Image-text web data

◇ ◇ ◇ ◇ ◇ ◇ ◇

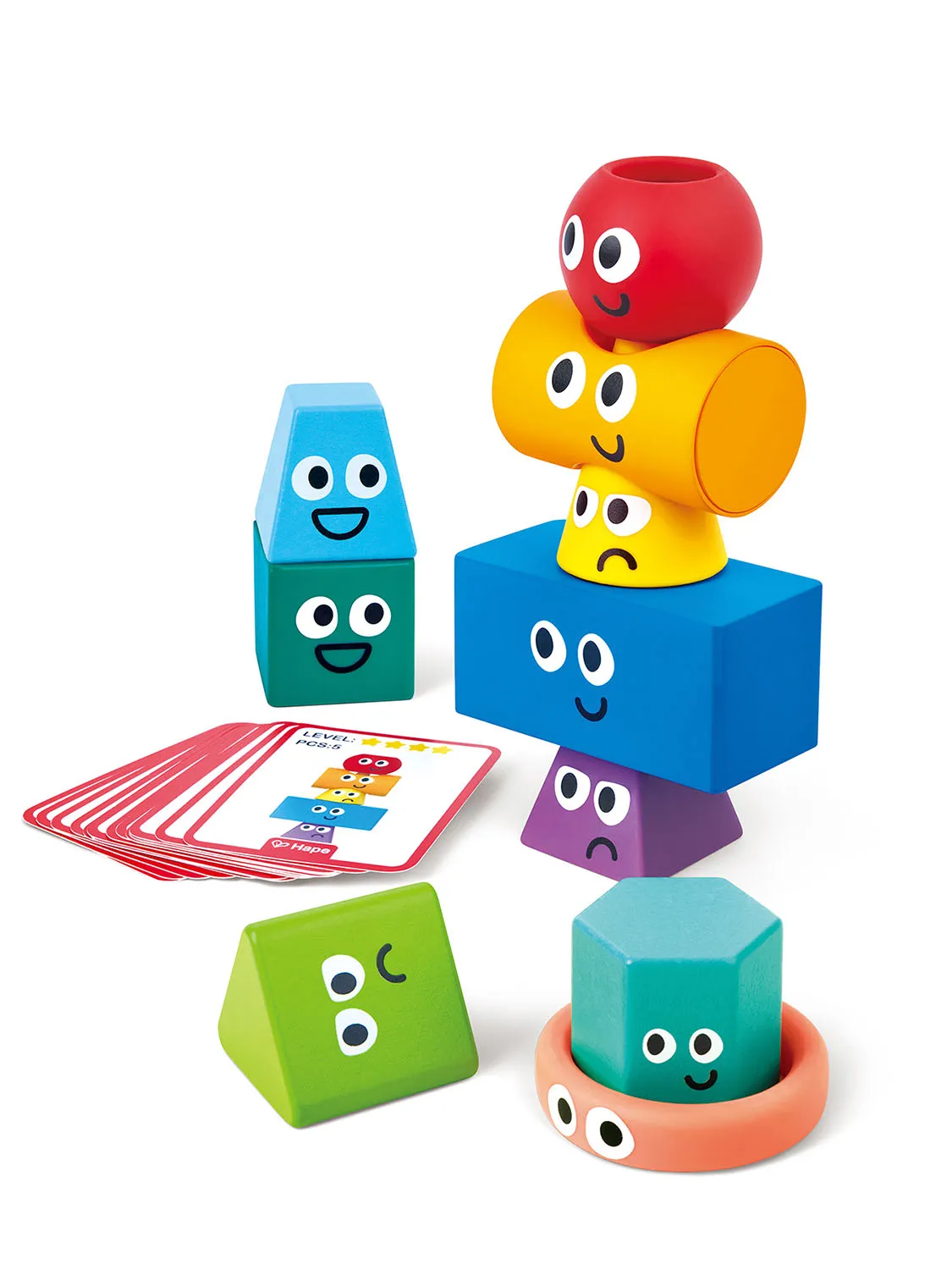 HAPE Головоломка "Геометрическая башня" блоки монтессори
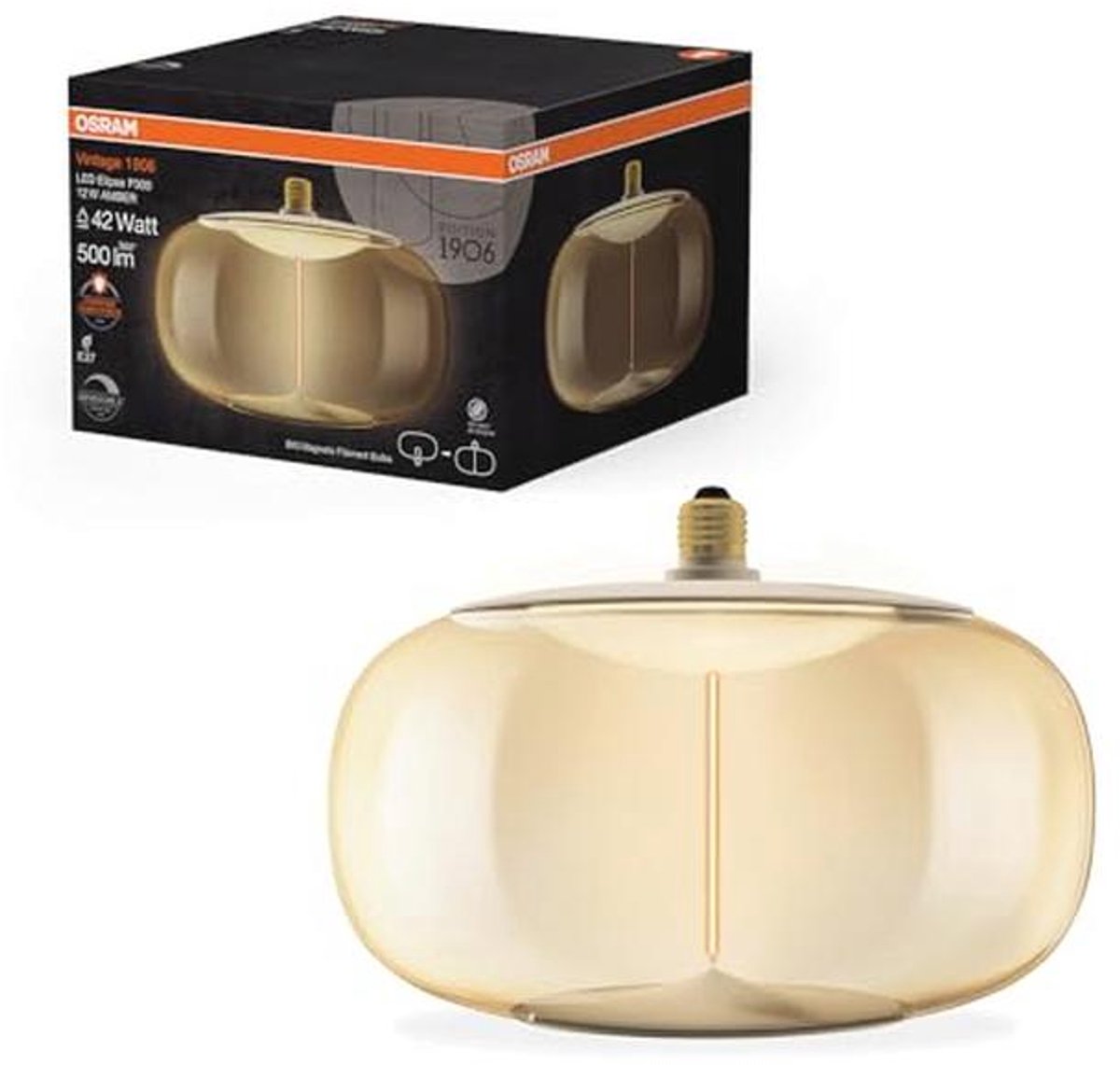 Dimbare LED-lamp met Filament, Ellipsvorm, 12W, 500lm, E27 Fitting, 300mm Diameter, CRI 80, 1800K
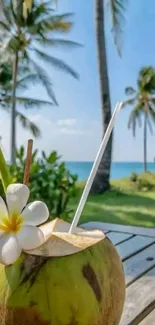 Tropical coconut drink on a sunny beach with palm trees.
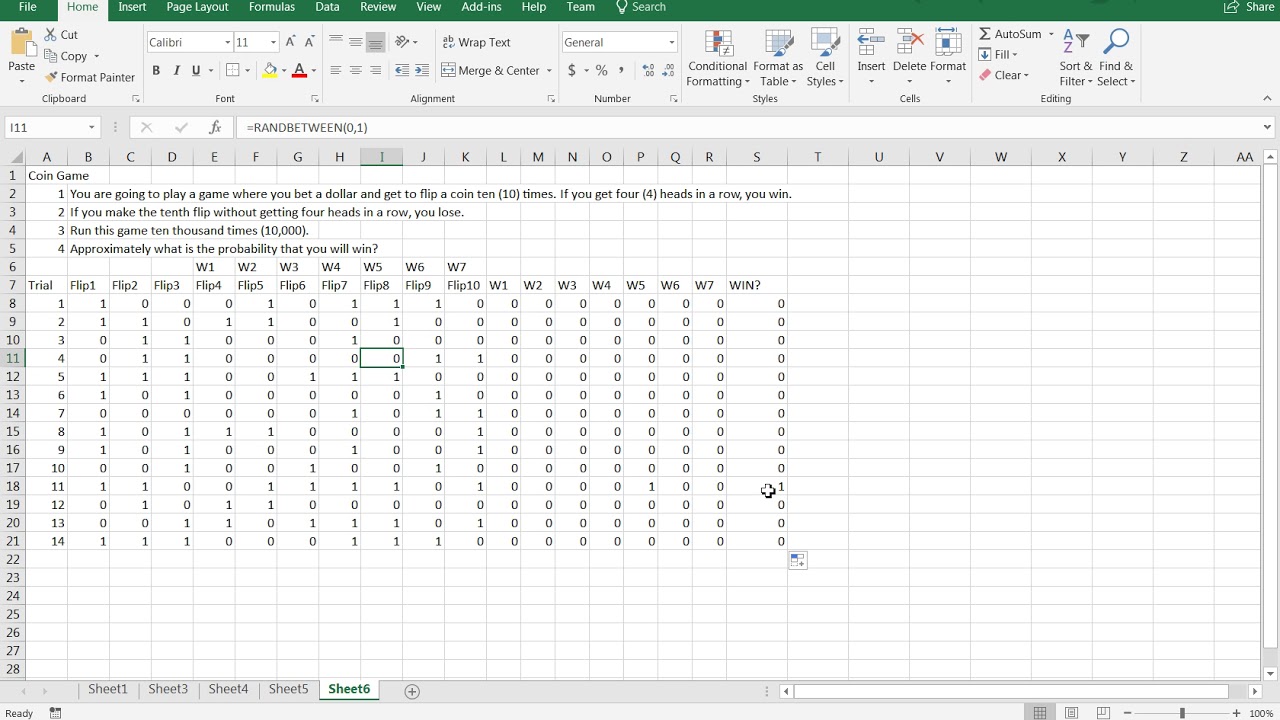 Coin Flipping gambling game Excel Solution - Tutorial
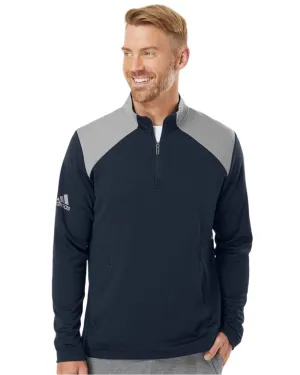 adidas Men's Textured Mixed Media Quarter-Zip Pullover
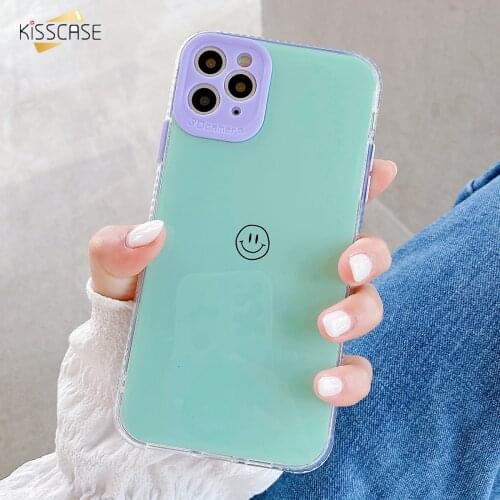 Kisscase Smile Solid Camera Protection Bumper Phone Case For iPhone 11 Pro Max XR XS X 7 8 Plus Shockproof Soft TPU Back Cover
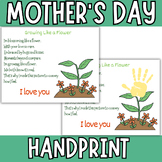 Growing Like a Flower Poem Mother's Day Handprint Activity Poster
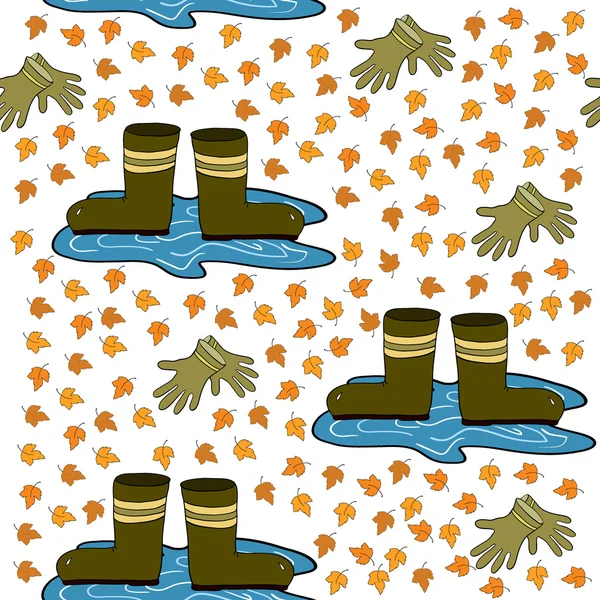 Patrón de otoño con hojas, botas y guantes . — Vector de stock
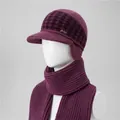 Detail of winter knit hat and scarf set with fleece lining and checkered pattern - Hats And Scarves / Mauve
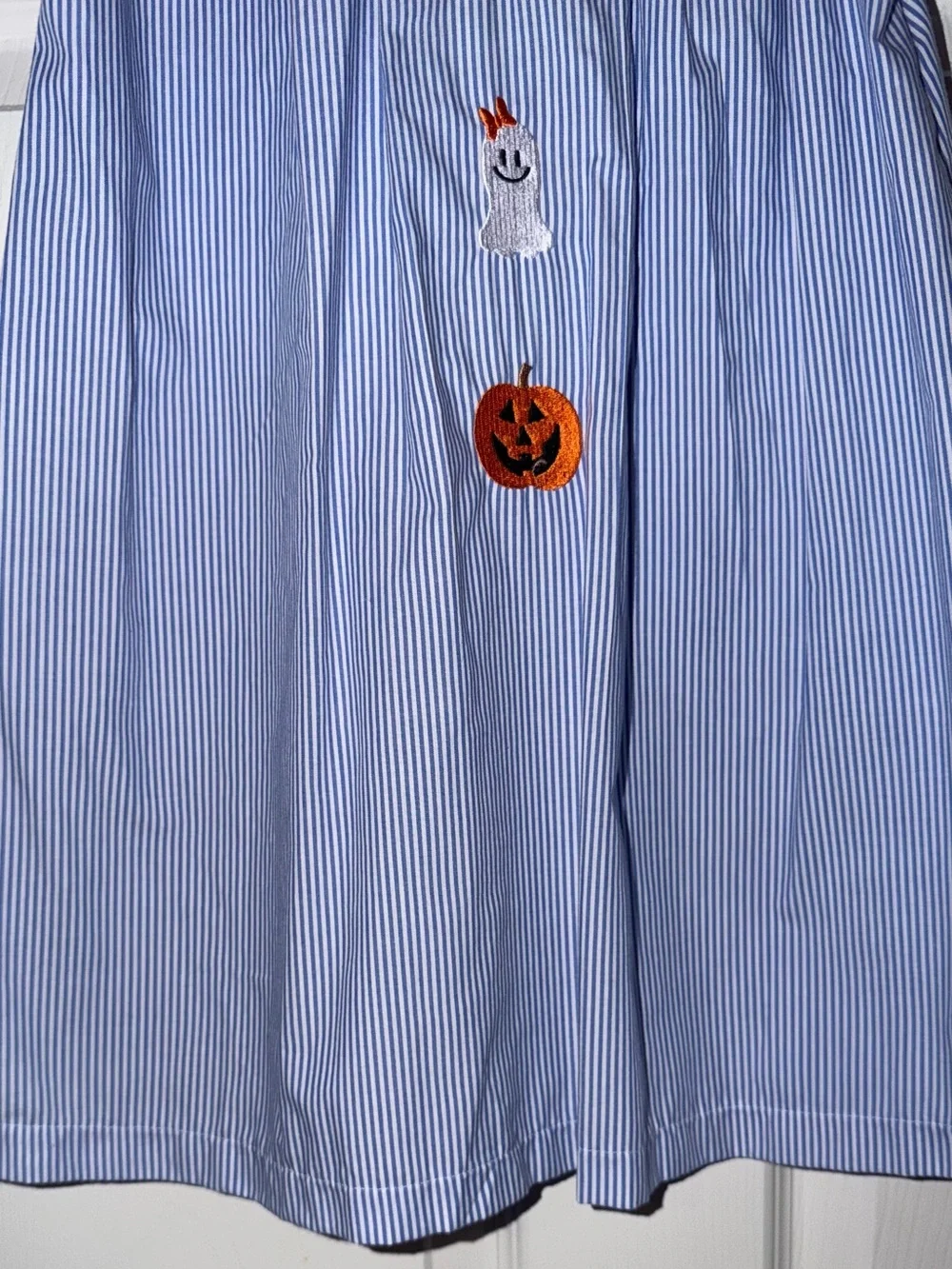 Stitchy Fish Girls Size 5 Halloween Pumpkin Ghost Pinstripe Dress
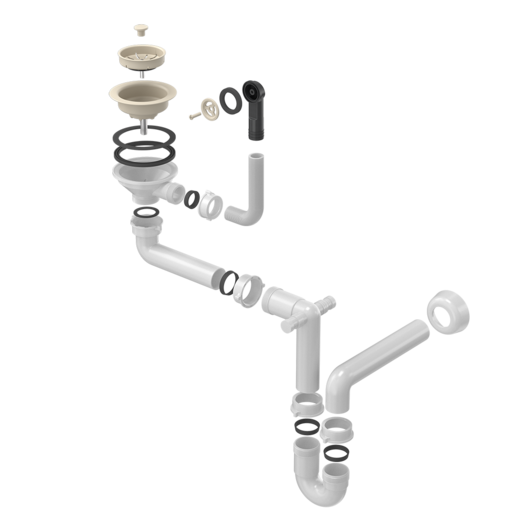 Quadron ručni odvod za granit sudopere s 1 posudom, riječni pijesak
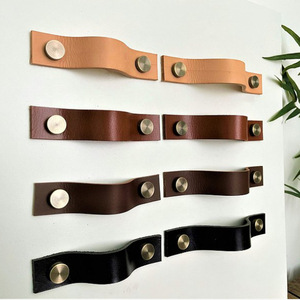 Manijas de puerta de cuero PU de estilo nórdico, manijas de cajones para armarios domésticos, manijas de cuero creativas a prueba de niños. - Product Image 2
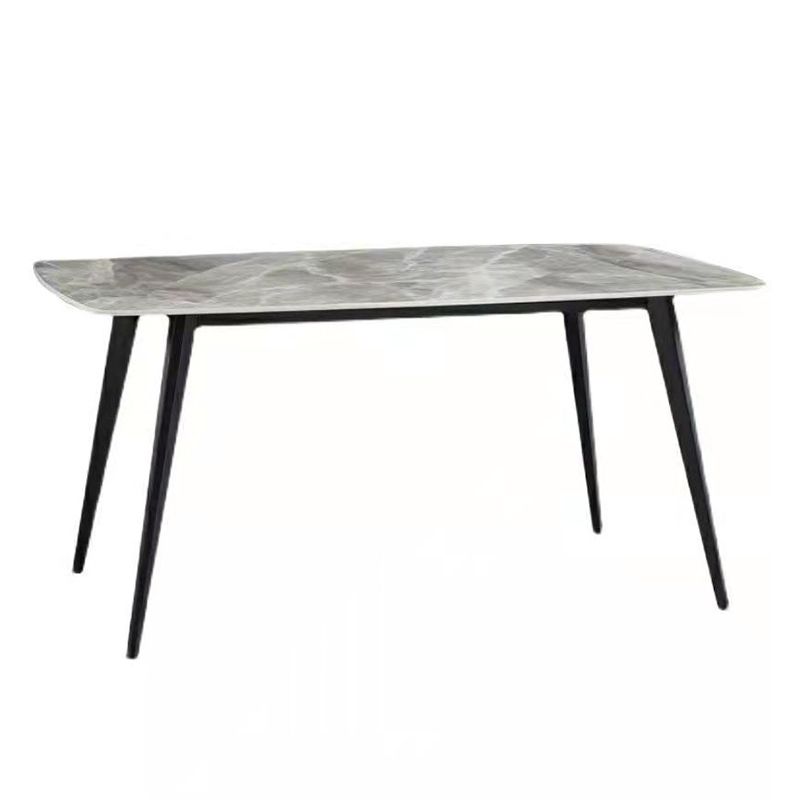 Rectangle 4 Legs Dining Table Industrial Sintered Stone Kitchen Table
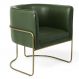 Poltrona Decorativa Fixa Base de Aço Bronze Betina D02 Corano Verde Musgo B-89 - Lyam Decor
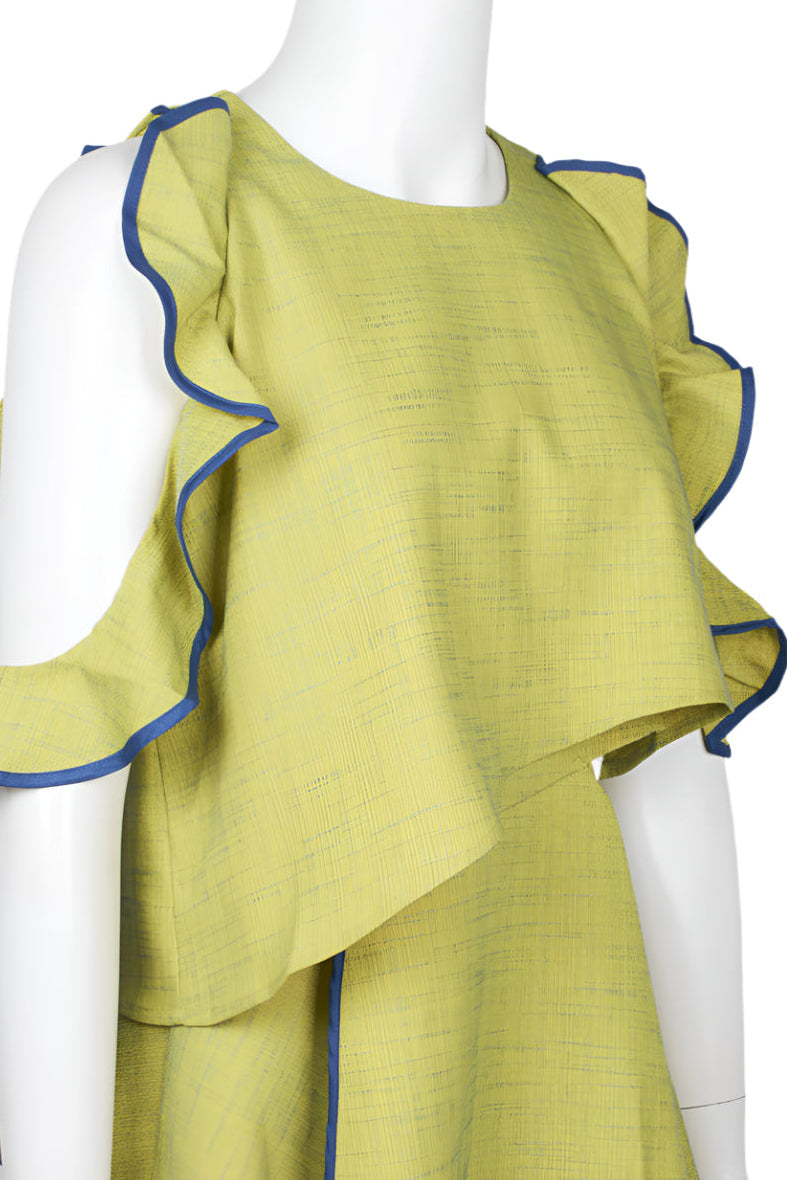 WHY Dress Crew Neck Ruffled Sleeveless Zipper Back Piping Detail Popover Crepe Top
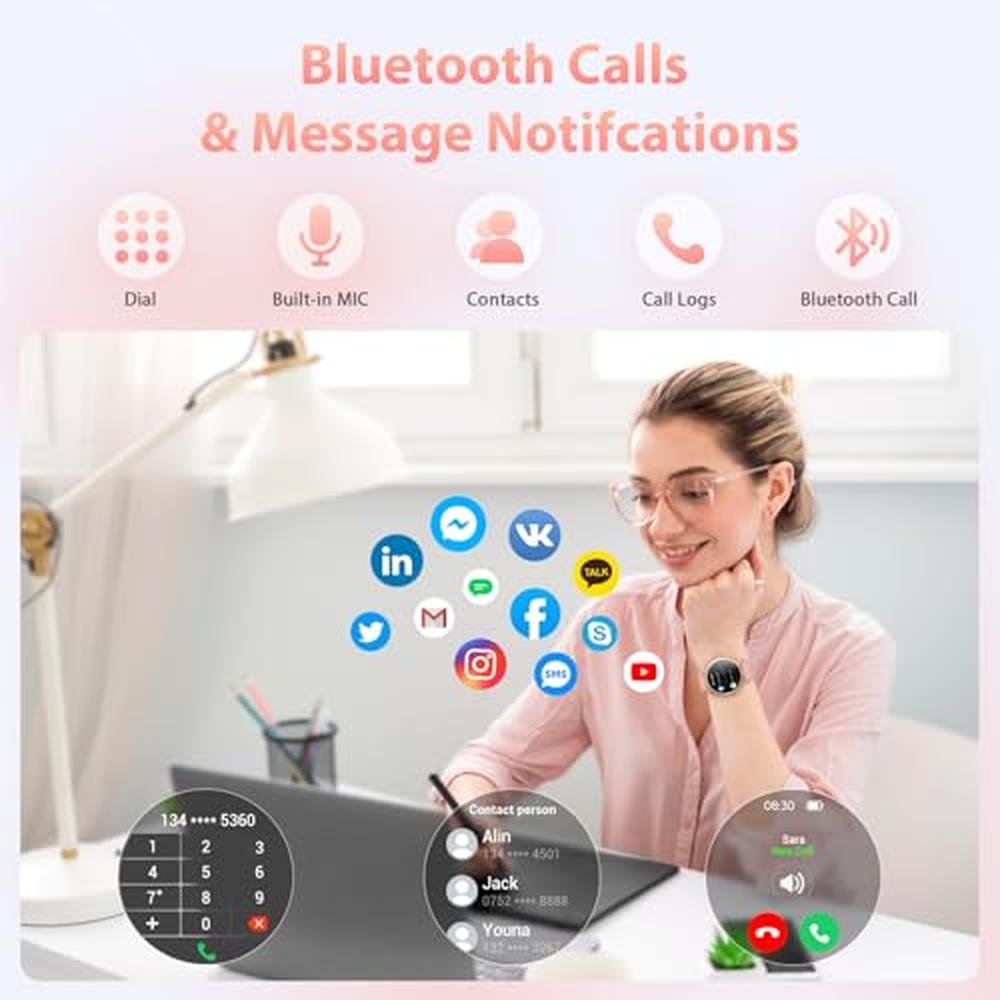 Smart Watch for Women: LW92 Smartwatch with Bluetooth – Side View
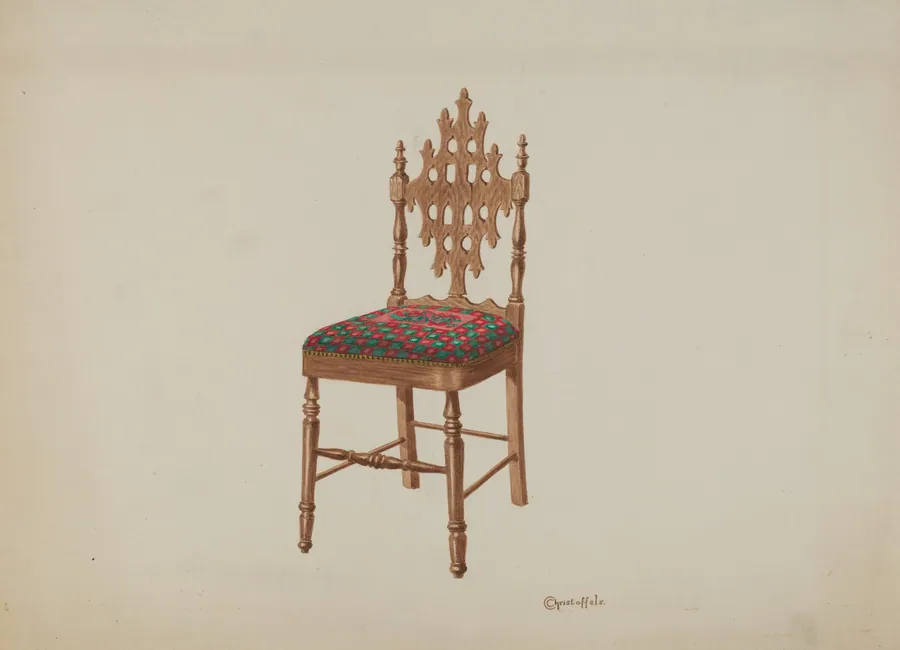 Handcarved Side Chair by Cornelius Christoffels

◇ ◇ ◇ ◇ ◇ ◇ ◇

- INSTRUCTIONS TO FOLLOW -
An exact copy is needed. It runs from the line above containing "Coin Flipping gambling" down to the line containing "Quadron ručni odvod", both included, with no pictures.

- ANSWER TO THIS PROBLEM -
 Coin Flipping gambling game Excel Solution - Tutorial
 adidas Men's Textured Mixed Media Quarter-Zip Pullover
 Kisscase Smile Solid Camera Protection Bumper Phone Case For iPhone 11 Pro Max XR XS X 7 8 Plus Shockproof Soft TPU Back Cover
 Growing Like a Flower Poem Mother's Day Handprint Activity Poster
 Patrón de otoño con hojas, botas y guantes . — Vector de stock
 Detail of winter knit hat and scarf set with fleece lining and checkered pattern - Hats And Scarves / Mauve
 Stitchy Fish Girls Size 5 Halloween Pumpkin Ghost Pinstripe Dress
 Quadron ručni odvod za granit sudopere s 1 posudom, riječni pijesak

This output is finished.